FIRST AMENDMENT TO MASTER REPURCHASE AGREEMENT and FIRST AMENDMENT TO FEE LETTER
Exhibit 10.1
FIRST AMENDMENT TO
MASTER REPURCHASE AGREEMENT and FIRST AMENDMENT TO FEE LETTER
FIRST AMENDMENT TO MASTER REPURCHASE AGREEMENT AND FIRST AMENDMENT TO FEE LETTER, dated as of May 12, 2016 (this “Amendment”), by and between Barclays Bank PLC, a public limited company organized under the laws of England and Wales (including any successor thereto, “Purchaser”), RFT BB Loan, LLC (formerly known as ARC RFT BB Loan, LLC), a limited liability company organized under the laws of the State of Delaware, as seller (together with its successors and permitted assigns, “Seller”) and Realty Finance Trust, Inc. (formerly known as ARC Realty Finance Trust, Inc.), a corporation organized under the laws of the State of Maryland, as guarantor (“Guarantor”). Capitalized terms used and not otherwise defined herein shall have the meanings given to such terms in the Repurchase Agreement (as defined below).
RECITALS
WHEREAS, Purchaser and Seller are parties to (i) that certain Master Repurchase Agreement, dated as of September 5, 2014 (as amended, restated, supplemented or otherwise modified prior to the date hereof, the “Existing Repurchase Agreement” and as amended by this Amendment, the “Repurchase Agreement”) and (ii) that certain Fee Letter, dated as of September 5, 2014 (as amended, restated, supplemented or otherwise modified prior to the date hereof, the “Existing Fee Letter” and as amended by this Amendment, the “Fee Letter”);
WHEREAS, Guarantor indirectly owns one hundred percent (100%) of the Capital Stock of Seller and Guarantor derives benefits, directly and indirectly, from the execution, delivery and performance by Seller of the Transaction Documents, and the transactions contemplated by the Repurchase Agreement and the other Transaction Documents;
WHEREAS, in connection with the Repurchase Agreement, Guarantor made that certain Guaranty, dated as of September 5, 2014, for the benefit of Purchaser (as amended, restated, supplemented or otherwise modified prior to the date hereof, the “Guaranty”); and
WHEREAS, Purchaser, Seller and Guarantor desire to make certain modifications to the Existing Repurchase Agreement and the Existing Fee Letter and to enter into the additional agreements set forth herein.

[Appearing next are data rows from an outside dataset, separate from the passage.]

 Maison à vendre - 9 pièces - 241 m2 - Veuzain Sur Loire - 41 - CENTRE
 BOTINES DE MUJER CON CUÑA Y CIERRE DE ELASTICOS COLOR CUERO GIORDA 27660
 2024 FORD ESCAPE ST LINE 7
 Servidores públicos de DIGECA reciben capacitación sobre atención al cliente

NOW THEREFORE, in consideration of the foregoing recitals, and other good and valuable consideration, the receipt and sufficiency of which is hereby acknowledged, the parties hereto, intending to be legally bound, agree as follows:
ARTICLE I. |
AMENDMENTS
Section 1. Amendments to the Existing Repurchase Agreement.
(a)Article 3(i) of the Existing Repurchase Agreement is hereby amended by deleting the first sentence thereof and replacing it with the following:
Provided that all of the extension conditions listed in clause (ii) below (collectively, the “Termination Date Extension Conditions”) shall have been satisfied, Purchaser may, in its sole discretion, extend the then-current Termination Date (each, a “Current Termination Date”), for a period not to exceed six (6) additional months (each, an “Extension Period”).

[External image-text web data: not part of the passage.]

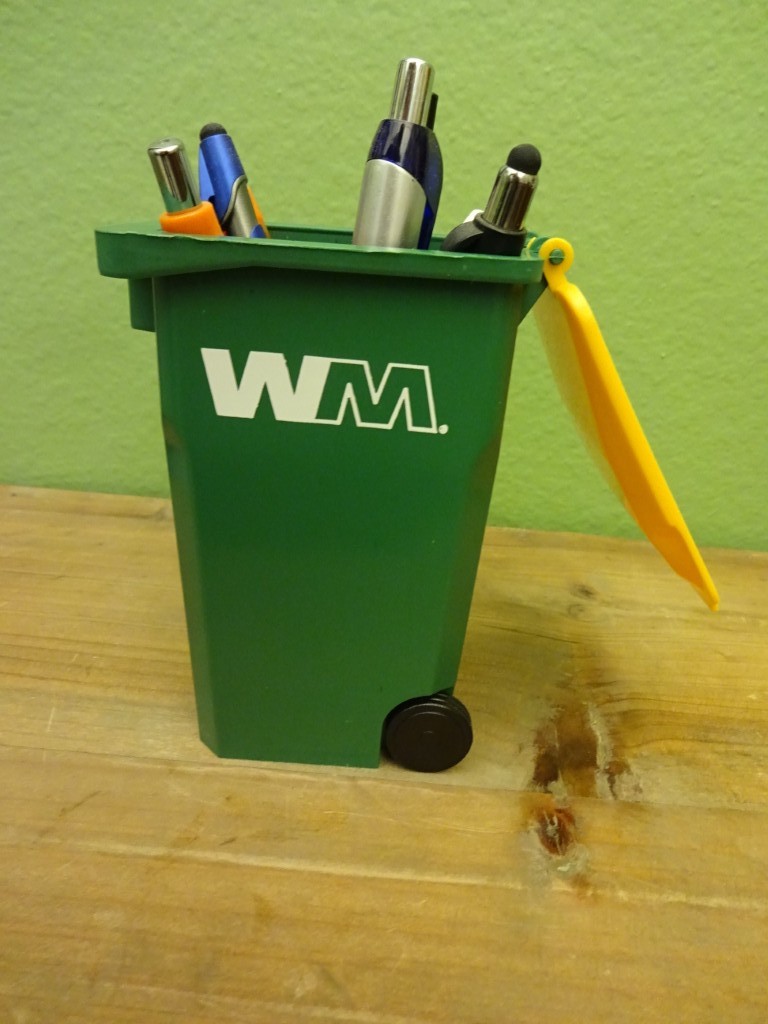 WASTE MANAGEMENT GARBAGE TRUCK MINI REPLICA TRASH BIN GREEN WITH YELLOW LID
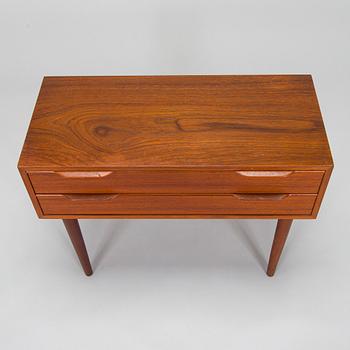 Byrå, teak, Danmark, 1900-talets mitt.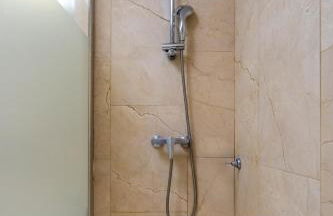 Modern 2BR Sea View Retreat in Tauro Walk to Beach & Golf - Foto 20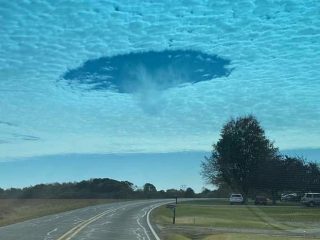 米上空に『インデペンデンス・デイ』級の“超巨大UFO”出現！ 「エイリアンだ」報告殺到、地球侵略ついに開始か!?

(b)Article 3(i)(ii)(A) of the Existing Repurchase Agreement is hereby amended by deleting the first sentence thereof and replacing it with the following:
(A) Seller shall have delivered to Purchaser written notice of its request to extend the Current Termination Date at least sixty (60) days, but not more than one hundred twenty (120) days, prior to the Current Termination Date.
Section 2. Amendments to the Existing Fee Letter.
(a)Section 1 of the Existing Fee Letter is hereby amended by deleting the definition of “Spread” in its entirety and replacing it with the following:
“Spread” shall mean, with respect to a Transaction involving a Purchased Asset, the sum of (a)(i) so long as no Event of Default shall have occurred and be continuing, the interest rate per annum set forth in the column entitled “Spread” in the Pricing Matrix for the applicable type of Purchased Asset or (ii) after the occurrence and during the continuance of an Event of Default, the rate per annum equal to the rate per annum set forth in clause (a) above plus 5%, plus (b) with respect to each Pricing Rate Period beginning with the Pricing Rate Period that started on March 15, 2016, 0.50%.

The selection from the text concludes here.